The time for strategic patience in the Strait of Hormuz has expired. As the narrow waterway remains effectively paralyzed by Tehran’s blockade, the international community faces a choice that will define the so-called new world order and the next decade of global security: either assemble a decisive coalition to reopen the passage, or concede that the era of secure global trade is over.
The rising and spreading toll of the blockade is stark. The strait remains the conduit for roughly 20 million barrels of oil per day, approximately 25% of all seaborne oil trade. According to reports, the strait averaged more than 150 vessel transits per day before the conflict, nearly 90% of which were container ships and oil tankers.
Only five oil tankers left the area on March 11, all sailing under flags of convenience. As a result, around 500 oil tankers remained stuck in the Gulf two weeks after the war started, with at least 16 vessels being attacked or involved in incidents and at least eight seafarers killed.
Major energy producers, including QatarEnergy, Kuwait Petroleum Corporation and Abu Dhabi National Oil Corporation, have been forced to halt production or declare force majeure as tankers are unable to export the supply. Saudi Arabia and the UAE have used pipelines to bypass the strait (via the Red Sea or Fujairah), but these routes handle only a fraction of normal volumes.
Together, these factors have forced oil prices to breach the psychological US$100-a-barrel mark, even briefly touching $125. Gas shortages are being reported in many countries, and the cost of urea, a key agricultural fertilizer, has jumped 25%. The cascading effect has increased food prices and fueled inflation.
Iran has historically asserted that, as a non-ratifier of the 1982 UN Convention on the Law of the Sea, it is not bound by the transit passage regime, which grants extensive, unimpeded rights to foreign vessels and aircraft in international straits.
Instead, Iran contends that only “innocent passage” applies in the Hormuz Strait, giving it greater regulatory authority to stop and inspect vessels it deems a possible threat to national security.

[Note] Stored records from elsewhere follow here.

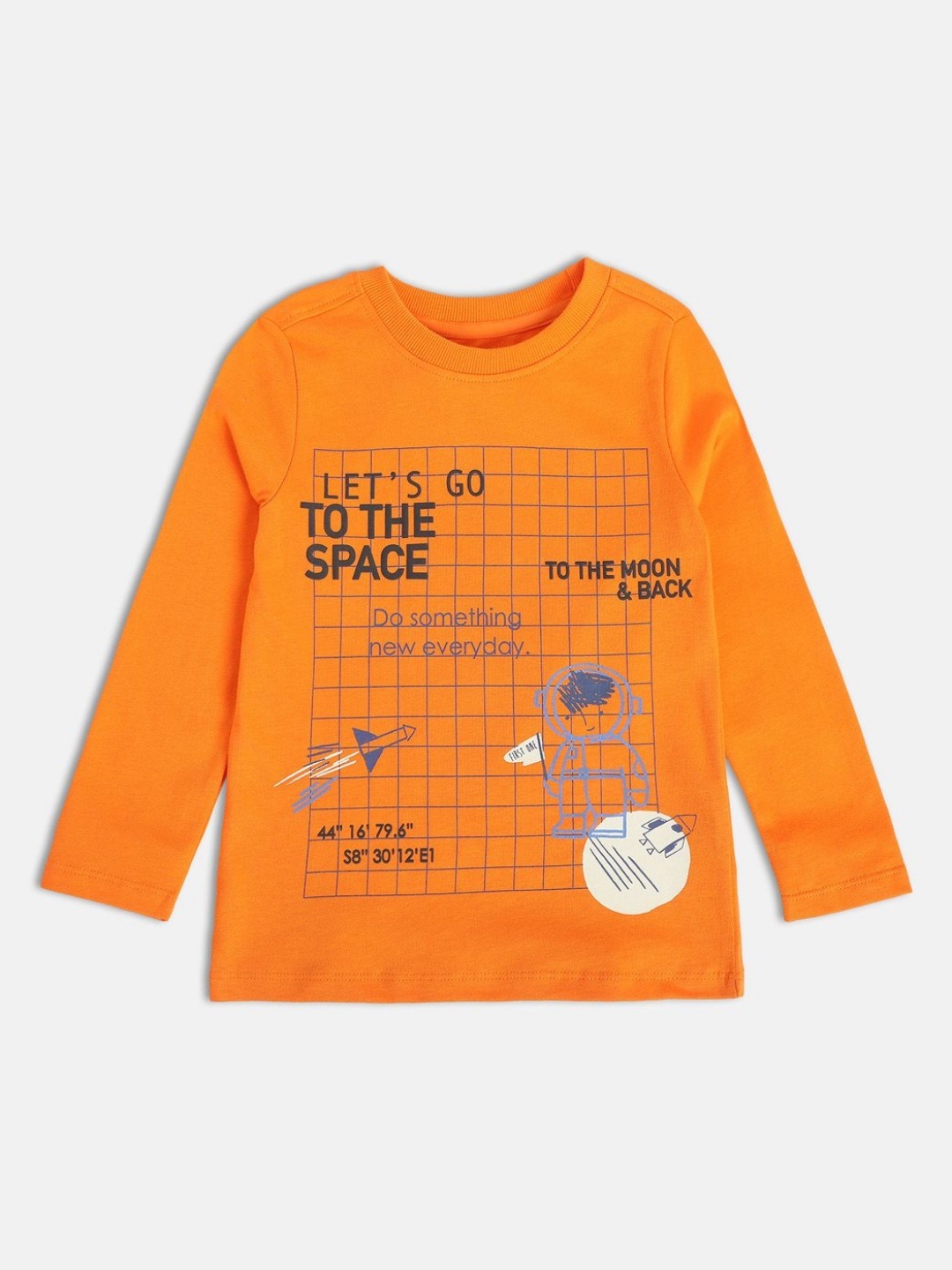 

MINI KLUB Boys Typography Printed Regular Fit T-shirt, Orange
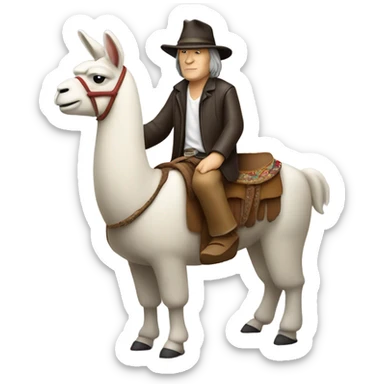 Neil young riding a llama  sticker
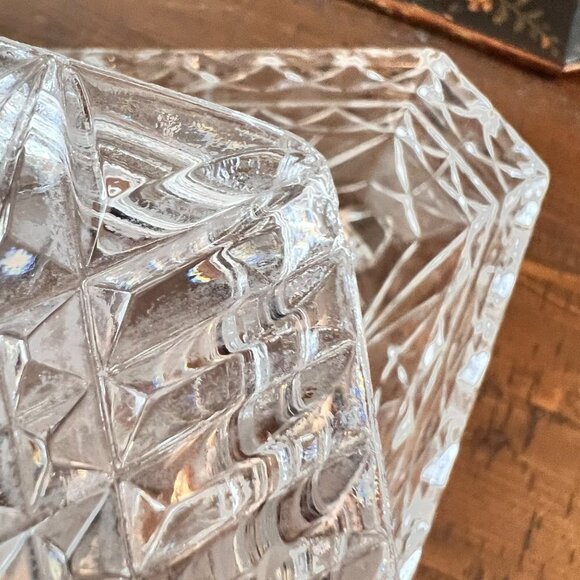 Vintage Heavy Footed Crystal Candy Trinket Dish - Picture 7 of 10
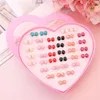 Jewelry Pouches Gifts Pink Ring Display Earring Storage Case 36 Holes Box Heart-shape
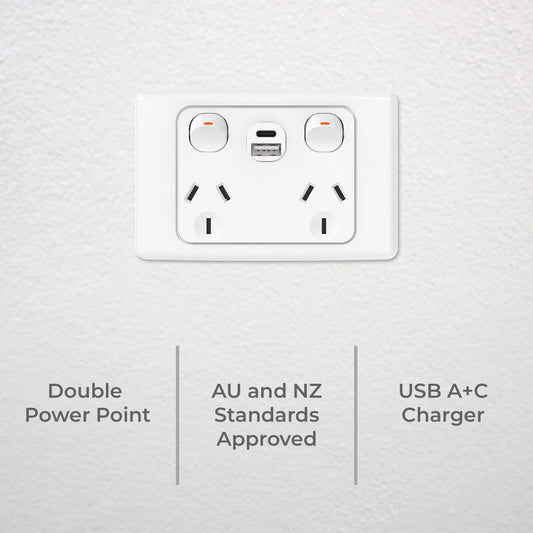 Deta Double Pole Double Power Point with USB A+C - 50 x 74 x 115mm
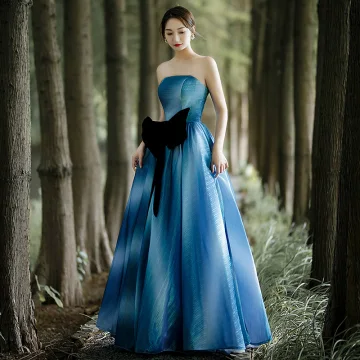 Hermoso Océano Azul Bowknot Cinturón Vestidos De Gala 2022 A Line Princess Sin Tirantes Sin Mangas Sin Espalda Largos Vestidos Formales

Iran generally permits passage of ships to avoid economic disruption to its own trade. While the waterway is technically open under international law, it is now effectively inaccessible for commercial shipping due to Iranian missile strikes, drone attacks and sea mining.
Reports indicate that Iran has declared all ships must obtain permission from Tehran to transit the strait, a move widely viewed as a violation of international maritime law.
One mitigating factor was the potential of US Navy escorts. But Washington has said it is “not ready” yet to accompany oil ships through the strait because its relevant assets are committed to active combat operations.
This statement came as Iran’s new supreme leader, Mojtaba Khamenei, affirmed in his first public remarks since being selected to succeed his assassinated father that the strait should remain closed during the war.
The point is that this is neither just a Washington problem nor a crisis the West can or should be expected to solve alone. The imperative for a unified, kinetic mandate to restore freedom of navigation is as much an Asian necessity as a Western one.
Over 80% of oil passing through the strait is destined for Asia. India imports more than 50% of its crude from the Gulf, and China is the largest buyer of Iranian oil. Japan and South Korea are already facing energy emergencies, and several Asian countries are considering unprecedented releases from strategic reserves.
With inflation rising, for the populous nations of South and Southeast Asia, where food price stability is the bedrock of social order, this is an existential threat. Analysts are already predicting that the strait’s closure could push Japan into economic contraction.
For these nations, a closed Hormuz Strait is not just a diplomatic headache. It is a fast track to economic stagnation.
Beyond these realities and forecasts, there is an underlying concern. Much has been said about the emerging new world order and its potential to mitigate the ills of the old. Many of the countries most likely to shape that emerging new order are in Asia and the Global South. It is time for them to translate rhetoric into reality.
If they remain silent in the name of neutrality, they will forfeit any moral standing to object when another country holds the global economy hostage in the future. Their inaction will also signal to all revisionist powers that the rules of sea and war are written by aggressors.
There is a comforting fiction circulating in many capitals that what is happening in the Gulf is a localized regional dispute. But to view this through the narrow lens of oil or gas pumps alone would be a catastrophic strategic error.
This is a global economic crisis, and a global coalition must be forged to address it. That coalition must transcend political differences and should include not just Washington, Abu Dhabi and Paris, but also Beijing, New Delhi and Tokyo, among others.
Dr Mohammed Al Dhaheri is the Deputy Director General of the Anwar Gargash Diplomatic Academy (AGDA), Abu Dhabi, and Dr Narayanappa Janardhan is Director of Research, AGDA.